YARGITAY HUKUK GENEL KURULU KARARI:
Hukuk Genel Kurulunca incelenerek direnme kararının süresinde temyiz edildiği anlaşıldıktan ve dosyadaki kağıtlar okunduktan sonra gereği görüşüldü:
Devletlerin, ülkelerinde bulunan yabancıların malları hakkında bunların tasarrufları ile ilgili olarak uluslararası hukuka uygun yasal düzenleme ile kısıtlamalar getirmesi, karşılık (mukabele-i bilmisil) esası çerçevesinde hareket etmesi hükümranlık haklarının doğal gereğidir.
15.6.1927 tarihinde yürürlüğe giren 1062 sayılı Yasa ile de, Bakanlar Kuruluna Karşılık (Mukabele-i bilmisil ) olarak bir devletin vatandaşlarının Türkiye'deki malları üzerindeki tasarruflarını kısmen veya tamamen tahdit veya onlara elkoyma yetkisi verilmiştir.

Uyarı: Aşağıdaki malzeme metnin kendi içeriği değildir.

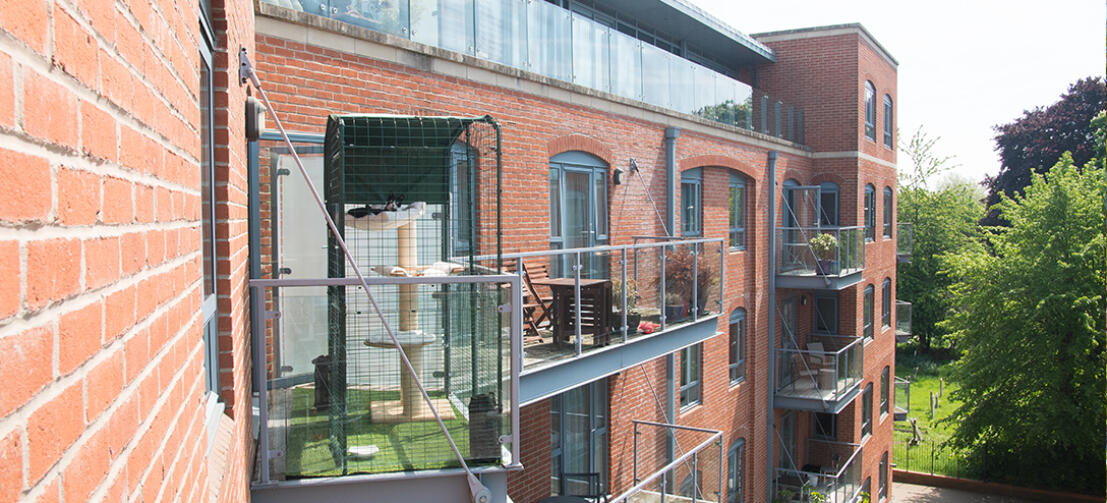 A walk in run setup as a cat balcony with a cover over the top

Bakanlar Kurulunca, bu Yasa'ya uygun olarak Suriye uyruklu kişiler hakkında 13.1.1939 tarih 2/10250 sayılı kararname çıkarılarak taşınmazlarını başkalarına devretmeleri ve üzerlerine ipotek koydurmaları yasaklanmıştır. 23.6.1959 tarihinde kabul edilen sözleşme ile Türkiye sınırları içinde kalan ve Türk Tabiyetine geçmiş sayılan kimselere, Suriye ve Lübnan uyruğuna geçmek için sözleşme tarihinden itibaren 6 aylık ikametgahlarını nakletme, 18 aylık da mallarını tasviye için süre verilmiştir. 31.5.1940 tarih 2/13629 sayılı kararname Lübnan ve Suriye uyruğunu tercih edenlerin mallarını, tanınan 18 aylık sürenin bitimine kadar zeyii ve telef olmaması için nasıl idare edileceğine ilişkin yöntemleri belirlemiş, Suriye uyrukluların malları devletçe konulan bu ilkelere göre idare edilmeye başlanmıştır. İlave olarak süresinde mallarını tasviye etmiyen kişilerin mallarını, 2490 sayılı Yasa'ya göre tasviye edileceği hükmü getirilmiştir. 14.2.1942 tarih 2/17317 sayılı Bakanlar Kurulu kararı ile de muvazaalı temliklerin, önlenmesi yönünden Suriye uyruklu kişilerin, borçlarından dolayı malları üzerinde haciz konarak satışlarının yapılabilmesi yasaklanmıştır. 18.11.1957 tarih 4/9697 sayılı kararname ise, Suriye uyrukluların, paydaşı olduğu taşınmazların rızaen taksimlerini yasaklamış ancak mahkeme eliyle şuyuun izalesine imkan vermiştir. Bunun yanında Medeni Kanun'un 650 ve 655.maddesine göre temliken tescilleri önlemiştir. Son olarak 17.10.1966 tarihinde yürürlüğe giren 1.10.1966 gün 6/7104 sayılı kararname ile de, Suriye uyrukluların mallarına devletçe el konmuştur.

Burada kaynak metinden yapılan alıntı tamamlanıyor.